Olivya Caballero: Keystone XL battle mirrors Black Hills struggle

The following is the opinion of Olivya Caballero. All content © Native Sun News.


Reject and Protect: The Cowboy Indian Alliance held a series of protests in Washington, D.C., in April. Everything is Illuminated/Pool Photos

Pipeline mirrors wrongful taking of sacred Black Hills
By Olivya Caballero

A few weeks ago the people from the Cowboy Indian Alliance led a march on Washington in protest of the proposed Keystone XL pipeline. The pipeline is reported to contaminate the surrounding land and ruin the areas water source with oil crude.

Aside from the environmental dangers, the Keystone XL pipeline presents another danger by entreating upon the sacred Black Hills. Although the tribes that protested the KXL pipeline are from the Oglala, (Pine Ridge), Sicangu, (Rosebud), Cheyenne River, Standing Rock, and Yankton reservations, Tar Sands pipelines have affected First Nations in Canada from an environmental perspective and all Indians in a cultural perspective.

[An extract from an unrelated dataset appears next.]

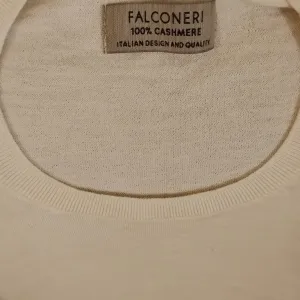Falconeri. Жіночий джемпер  на короткий рукав.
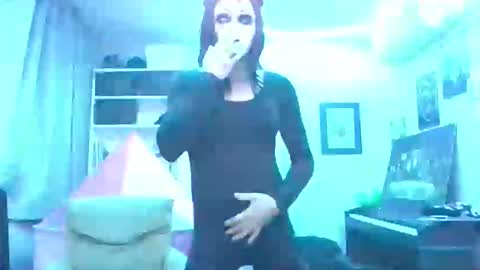 pat0666 online show from 10-31-25, 01:23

From an environmental perspective, the KXL pipeline would affect an already impoverished area on the Pine Ridge and Rosebud reservations. These environmental effects have been observed on Canadian First Nations land by the presence of contaminated drinking water and the appearance of arsenic in moose meat. Various health problems already plague those living on both reservations. The related health statistics are as follows, eight times the United States rate of diabetes, four times the national rate of teen suicide, and double the rate of heart disease. Additionally, the per capita income is $4,000 per year accompanied by an unemployment rate of 80-90 percent.

The issue of the proposed KXL pipeline mirrors an old, but relevant issue of the wrongful taking of the Black Hills through the continuing motivation to remove Native Americans from their land and infringe upon their rights.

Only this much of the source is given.